History repeats itself
Quando assentou a poeira da comoção Dylan goes electric Judas, esse tornou-se o caso em torno do qual se foi blindando argumentativamente a guinada bem-pensante da coisa pop no sentido da desconsideração da chamada canção de intervenção (ou outra merda qualquer), e que, como o geral das guinadas, pouco mais fez que redireccionar o derrape da imbecilidade.
Haverá argumentos sociológicos para a valia social desse "formato" enquanto mecanismo de ampliação e dinamização de qualquer coisa assimilável a uma consciência política na coisa pública: se há um desequilíbrio colossal entre as agremiações que produzem e disseminam essas formas de expressão e as agremiações a quem a sua menção causa choques anafiláticos; ou, dito de outra forma, se a canção de intervenção tem historicamente versado mais sobre a paz, o pão, habitação, saúde, educação, do que sobre os amanhãs que cantam da trickle-down economics, não é necessariamente por haver sempre um lado certo da história para se cantar, mas por o cantar ser dos poucos veículos expressivos certos para quem está do lado desapossado da história. Contudo, não seria por esses argumentos que, por exemplo, avançaria como mais-valia da arte do imenso Fausto o «Venha cá sr. burguês». Pela mesma ordem de razões, mesmo que possamos sociologicamente ponderar o vilipêndio da canção de intervenção como forma musical como uma decorrência estética de um posicionamento socio-ideológico, justifica-se atermo-nos à discussão do seu argumentário como gozando de uma autonomia crítica. Contudo, rodopiando em torno da invocação dos limites constitutivos da instrumentalidade social do formato, esse argumentário sai furado do redondel.

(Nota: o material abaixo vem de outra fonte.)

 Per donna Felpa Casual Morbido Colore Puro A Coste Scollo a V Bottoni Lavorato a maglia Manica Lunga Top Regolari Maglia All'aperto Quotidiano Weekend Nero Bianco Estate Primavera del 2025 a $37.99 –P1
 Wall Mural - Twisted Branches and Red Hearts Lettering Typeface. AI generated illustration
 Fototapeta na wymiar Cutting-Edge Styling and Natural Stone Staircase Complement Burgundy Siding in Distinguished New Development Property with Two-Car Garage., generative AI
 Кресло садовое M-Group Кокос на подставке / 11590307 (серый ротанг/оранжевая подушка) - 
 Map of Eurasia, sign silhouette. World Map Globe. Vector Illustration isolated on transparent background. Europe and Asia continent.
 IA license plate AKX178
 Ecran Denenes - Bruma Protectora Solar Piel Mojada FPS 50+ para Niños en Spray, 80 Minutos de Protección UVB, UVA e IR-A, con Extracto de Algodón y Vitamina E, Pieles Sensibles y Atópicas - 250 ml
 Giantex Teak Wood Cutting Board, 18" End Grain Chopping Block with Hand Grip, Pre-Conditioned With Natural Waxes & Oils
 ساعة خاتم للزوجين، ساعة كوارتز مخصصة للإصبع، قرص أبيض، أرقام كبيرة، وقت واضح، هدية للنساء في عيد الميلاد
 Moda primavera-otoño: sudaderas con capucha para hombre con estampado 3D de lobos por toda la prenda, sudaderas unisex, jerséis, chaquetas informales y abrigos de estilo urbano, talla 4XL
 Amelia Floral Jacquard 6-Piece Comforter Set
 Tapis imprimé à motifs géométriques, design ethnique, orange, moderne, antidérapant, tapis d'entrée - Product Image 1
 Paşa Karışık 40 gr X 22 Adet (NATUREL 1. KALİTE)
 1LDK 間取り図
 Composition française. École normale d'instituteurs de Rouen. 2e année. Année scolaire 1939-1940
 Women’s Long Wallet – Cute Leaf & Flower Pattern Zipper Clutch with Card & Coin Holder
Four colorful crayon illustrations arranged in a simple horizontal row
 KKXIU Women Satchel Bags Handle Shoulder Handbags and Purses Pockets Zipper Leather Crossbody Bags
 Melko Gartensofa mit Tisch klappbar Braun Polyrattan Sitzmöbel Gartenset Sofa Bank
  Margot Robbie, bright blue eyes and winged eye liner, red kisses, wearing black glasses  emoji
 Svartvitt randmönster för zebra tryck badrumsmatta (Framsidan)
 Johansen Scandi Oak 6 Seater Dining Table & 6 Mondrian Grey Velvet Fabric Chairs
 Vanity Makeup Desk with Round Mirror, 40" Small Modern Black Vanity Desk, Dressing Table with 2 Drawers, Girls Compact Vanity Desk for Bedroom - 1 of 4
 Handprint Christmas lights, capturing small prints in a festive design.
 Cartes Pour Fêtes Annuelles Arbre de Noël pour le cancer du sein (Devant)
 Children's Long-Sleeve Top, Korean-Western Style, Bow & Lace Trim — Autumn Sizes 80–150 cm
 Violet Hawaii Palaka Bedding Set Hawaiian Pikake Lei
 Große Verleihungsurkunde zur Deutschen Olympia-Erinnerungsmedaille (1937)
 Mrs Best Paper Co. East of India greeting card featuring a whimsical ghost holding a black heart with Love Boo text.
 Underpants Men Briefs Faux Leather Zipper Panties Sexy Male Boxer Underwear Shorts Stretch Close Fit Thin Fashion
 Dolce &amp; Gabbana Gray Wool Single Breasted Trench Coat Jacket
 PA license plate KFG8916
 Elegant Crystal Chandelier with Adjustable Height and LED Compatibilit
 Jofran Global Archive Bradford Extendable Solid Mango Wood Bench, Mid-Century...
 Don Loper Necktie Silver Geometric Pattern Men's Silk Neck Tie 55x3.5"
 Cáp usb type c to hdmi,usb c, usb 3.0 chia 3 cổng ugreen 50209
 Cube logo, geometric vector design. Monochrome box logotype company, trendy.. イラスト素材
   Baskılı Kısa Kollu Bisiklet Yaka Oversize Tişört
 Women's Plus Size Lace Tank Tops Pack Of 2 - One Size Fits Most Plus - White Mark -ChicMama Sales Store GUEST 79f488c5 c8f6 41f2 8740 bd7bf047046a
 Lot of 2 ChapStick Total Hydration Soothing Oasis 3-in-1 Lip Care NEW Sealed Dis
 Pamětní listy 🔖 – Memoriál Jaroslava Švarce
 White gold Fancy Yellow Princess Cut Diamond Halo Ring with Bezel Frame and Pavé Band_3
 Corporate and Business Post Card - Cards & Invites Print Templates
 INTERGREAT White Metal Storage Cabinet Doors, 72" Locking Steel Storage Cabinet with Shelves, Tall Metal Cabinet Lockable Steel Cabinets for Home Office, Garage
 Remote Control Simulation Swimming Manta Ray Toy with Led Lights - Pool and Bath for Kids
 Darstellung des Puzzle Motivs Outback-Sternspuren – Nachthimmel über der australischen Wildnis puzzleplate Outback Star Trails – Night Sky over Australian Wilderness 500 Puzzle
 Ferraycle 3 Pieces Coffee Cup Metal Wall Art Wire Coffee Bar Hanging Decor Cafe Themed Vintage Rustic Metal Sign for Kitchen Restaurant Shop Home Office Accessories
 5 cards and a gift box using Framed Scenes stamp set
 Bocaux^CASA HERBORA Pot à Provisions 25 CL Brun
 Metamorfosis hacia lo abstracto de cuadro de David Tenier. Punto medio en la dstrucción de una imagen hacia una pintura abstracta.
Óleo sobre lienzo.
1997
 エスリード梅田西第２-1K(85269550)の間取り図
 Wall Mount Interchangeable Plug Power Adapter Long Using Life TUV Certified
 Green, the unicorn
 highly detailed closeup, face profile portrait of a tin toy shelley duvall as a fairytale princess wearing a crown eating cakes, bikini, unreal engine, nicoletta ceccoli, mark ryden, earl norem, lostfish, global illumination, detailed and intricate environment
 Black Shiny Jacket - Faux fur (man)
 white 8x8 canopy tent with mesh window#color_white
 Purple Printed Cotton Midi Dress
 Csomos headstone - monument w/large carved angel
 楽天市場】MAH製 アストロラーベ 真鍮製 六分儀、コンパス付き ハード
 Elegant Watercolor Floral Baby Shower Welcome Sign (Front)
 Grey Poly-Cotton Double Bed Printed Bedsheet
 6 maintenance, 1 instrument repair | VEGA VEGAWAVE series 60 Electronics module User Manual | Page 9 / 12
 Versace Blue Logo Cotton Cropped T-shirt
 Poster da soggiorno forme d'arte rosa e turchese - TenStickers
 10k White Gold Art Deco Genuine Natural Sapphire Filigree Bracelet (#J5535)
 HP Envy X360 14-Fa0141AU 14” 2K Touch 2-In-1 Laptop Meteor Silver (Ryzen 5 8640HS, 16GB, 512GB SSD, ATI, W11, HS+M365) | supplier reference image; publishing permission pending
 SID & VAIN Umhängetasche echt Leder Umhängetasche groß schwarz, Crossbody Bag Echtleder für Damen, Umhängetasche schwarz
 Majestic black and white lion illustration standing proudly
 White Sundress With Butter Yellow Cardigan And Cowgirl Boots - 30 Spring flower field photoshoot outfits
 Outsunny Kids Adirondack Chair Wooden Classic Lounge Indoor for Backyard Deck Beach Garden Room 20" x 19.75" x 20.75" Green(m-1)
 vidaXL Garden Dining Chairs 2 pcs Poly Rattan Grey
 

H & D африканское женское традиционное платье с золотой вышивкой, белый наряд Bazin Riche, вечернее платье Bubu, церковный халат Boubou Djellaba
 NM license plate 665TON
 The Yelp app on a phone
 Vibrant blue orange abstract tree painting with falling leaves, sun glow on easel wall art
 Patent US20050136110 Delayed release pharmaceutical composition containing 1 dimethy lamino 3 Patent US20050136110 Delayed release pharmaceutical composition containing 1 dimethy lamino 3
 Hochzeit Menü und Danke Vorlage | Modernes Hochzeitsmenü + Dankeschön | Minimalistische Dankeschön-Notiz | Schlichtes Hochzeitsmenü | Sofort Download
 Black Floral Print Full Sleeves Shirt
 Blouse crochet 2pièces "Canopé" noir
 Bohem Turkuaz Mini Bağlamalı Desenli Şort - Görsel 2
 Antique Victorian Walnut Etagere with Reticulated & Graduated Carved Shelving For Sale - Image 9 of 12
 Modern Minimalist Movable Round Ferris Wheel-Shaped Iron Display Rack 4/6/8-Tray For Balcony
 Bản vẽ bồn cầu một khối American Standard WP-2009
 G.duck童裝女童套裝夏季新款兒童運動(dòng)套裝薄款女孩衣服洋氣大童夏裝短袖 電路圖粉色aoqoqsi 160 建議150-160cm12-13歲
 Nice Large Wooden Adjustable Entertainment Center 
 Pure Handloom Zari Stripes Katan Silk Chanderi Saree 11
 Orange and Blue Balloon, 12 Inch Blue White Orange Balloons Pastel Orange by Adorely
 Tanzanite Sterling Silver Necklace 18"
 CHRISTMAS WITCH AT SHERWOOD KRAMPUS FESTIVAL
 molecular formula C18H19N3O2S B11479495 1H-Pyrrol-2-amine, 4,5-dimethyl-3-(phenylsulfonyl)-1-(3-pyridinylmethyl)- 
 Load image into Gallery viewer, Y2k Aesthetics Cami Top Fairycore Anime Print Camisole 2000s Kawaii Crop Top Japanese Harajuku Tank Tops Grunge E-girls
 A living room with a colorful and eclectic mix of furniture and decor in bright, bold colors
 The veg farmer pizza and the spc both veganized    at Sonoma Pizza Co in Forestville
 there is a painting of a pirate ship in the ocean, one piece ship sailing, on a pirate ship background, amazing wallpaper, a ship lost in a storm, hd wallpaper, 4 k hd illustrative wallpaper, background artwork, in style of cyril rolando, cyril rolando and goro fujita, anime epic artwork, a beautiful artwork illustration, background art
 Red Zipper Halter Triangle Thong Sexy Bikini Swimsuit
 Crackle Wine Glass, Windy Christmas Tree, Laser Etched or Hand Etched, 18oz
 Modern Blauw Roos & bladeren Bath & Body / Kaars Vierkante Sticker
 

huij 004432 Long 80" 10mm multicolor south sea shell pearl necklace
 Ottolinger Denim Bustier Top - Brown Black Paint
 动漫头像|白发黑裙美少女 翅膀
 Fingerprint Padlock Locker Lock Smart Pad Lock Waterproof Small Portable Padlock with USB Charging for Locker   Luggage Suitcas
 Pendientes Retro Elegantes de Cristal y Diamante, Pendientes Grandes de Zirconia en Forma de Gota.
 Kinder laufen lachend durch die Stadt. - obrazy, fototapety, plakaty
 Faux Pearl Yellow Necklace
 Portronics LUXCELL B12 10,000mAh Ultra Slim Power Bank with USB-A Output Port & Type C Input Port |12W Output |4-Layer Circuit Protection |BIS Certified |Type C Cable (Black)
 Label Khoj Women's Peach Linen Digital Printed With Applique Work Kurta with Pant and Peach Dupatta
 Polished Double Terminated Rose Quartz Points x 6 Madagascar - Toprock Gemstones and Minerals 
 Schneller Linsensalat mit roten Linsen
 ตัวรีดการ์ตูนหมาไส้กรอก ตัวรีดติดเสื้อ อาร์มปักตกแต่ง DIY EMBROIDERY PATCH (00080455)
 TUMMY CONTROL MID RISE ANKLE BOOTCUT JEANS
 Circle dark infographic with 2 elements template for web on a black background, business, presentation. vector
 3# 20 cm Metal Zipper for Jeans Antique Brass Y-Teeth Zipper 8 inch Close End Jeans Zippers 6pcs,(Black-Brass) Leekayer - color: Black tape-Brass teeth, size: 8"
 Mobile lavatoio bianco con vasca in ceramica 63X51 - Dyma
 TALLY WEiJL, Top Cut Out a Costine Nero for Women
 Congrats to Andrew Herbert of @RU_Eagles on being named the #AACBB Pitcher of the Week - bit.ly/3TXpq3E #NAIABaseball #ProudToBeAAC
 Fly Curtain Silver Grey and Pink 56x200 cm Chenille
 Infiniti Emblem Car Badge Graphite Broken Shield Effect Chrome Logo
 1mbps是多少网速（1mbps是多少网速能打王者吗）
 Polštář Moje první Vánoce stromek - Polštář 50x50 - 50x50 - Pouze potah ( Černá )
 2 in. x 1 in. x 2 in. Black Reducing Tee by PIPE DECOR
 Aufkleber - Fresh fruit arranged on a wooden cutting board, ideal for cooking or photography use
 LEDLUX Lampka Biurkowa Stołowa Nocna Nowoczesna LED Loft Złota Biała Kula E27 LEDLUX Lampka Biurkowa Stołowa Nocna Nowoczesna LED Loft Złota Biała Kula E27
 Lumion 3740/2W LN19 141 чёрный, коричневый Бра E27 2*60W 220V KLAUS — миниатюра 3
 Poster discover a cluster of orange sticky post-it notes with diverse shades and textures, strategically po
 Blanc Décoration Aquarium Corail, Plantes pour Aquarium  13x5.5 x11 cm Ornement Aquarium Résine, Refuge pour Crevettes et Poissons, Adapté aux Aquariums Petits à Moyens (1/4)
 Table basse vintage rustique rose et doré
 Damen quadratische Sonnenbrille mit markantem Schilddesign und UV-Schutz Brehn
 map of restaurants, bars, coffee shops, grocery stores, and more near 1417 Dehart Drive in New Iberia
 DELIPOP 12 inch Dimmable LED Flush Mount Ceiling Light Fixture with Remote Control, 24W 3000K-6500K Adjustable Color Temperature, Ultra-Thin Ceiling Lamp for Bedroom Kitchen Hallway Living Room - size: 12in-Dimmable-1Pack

Argui-se a simplificação estética que essa instrumentalidade demanda - desde logo, como se isso a distinguisse da matriz genética da música pop(ular) em geral e a malta fosse toda empinados do prog - mas depois basta cotejarmos as merdas que se têm inimputavelmente nas prateleiras (eu sei) com o filão cujo iniciático proselitismo político de esgravatar a música tradicional produziu, de longe, a maioria do que de melhor, mais singular e complexo (if need be) se criou musicalmente neste território, de José Afonso (cuja sujeição a um reducionismo político na sua apreciação é das mais lamentáveis miopias culturais deste país) aos Gaiteiros de Lisboa. Mesmo que o quantitativo dos acidentes de percurso desse filão largamente excedesse as suas excelsas recompensas, um raciocínio crítico cuja lógica se cingisse à ponderação probabilística do rácio de boa música que pode emergir de um dado formato ou temática desembocaria logo na constatação - por virtude da singularidade cósmica aleatória na ordem das coisas de terem existido os Van der Graaf Generator - de que as canções sobre faroleiros (independentemente de serem a melhor ocupação do mundo (relembre-se às autoridades competentes e seus simpatizantes a minha perenemente continuada candidatura a qualquer vaga que possa surgir nesse meio)) seriam o hottest topic para escrever grande faixas aí na cena musical.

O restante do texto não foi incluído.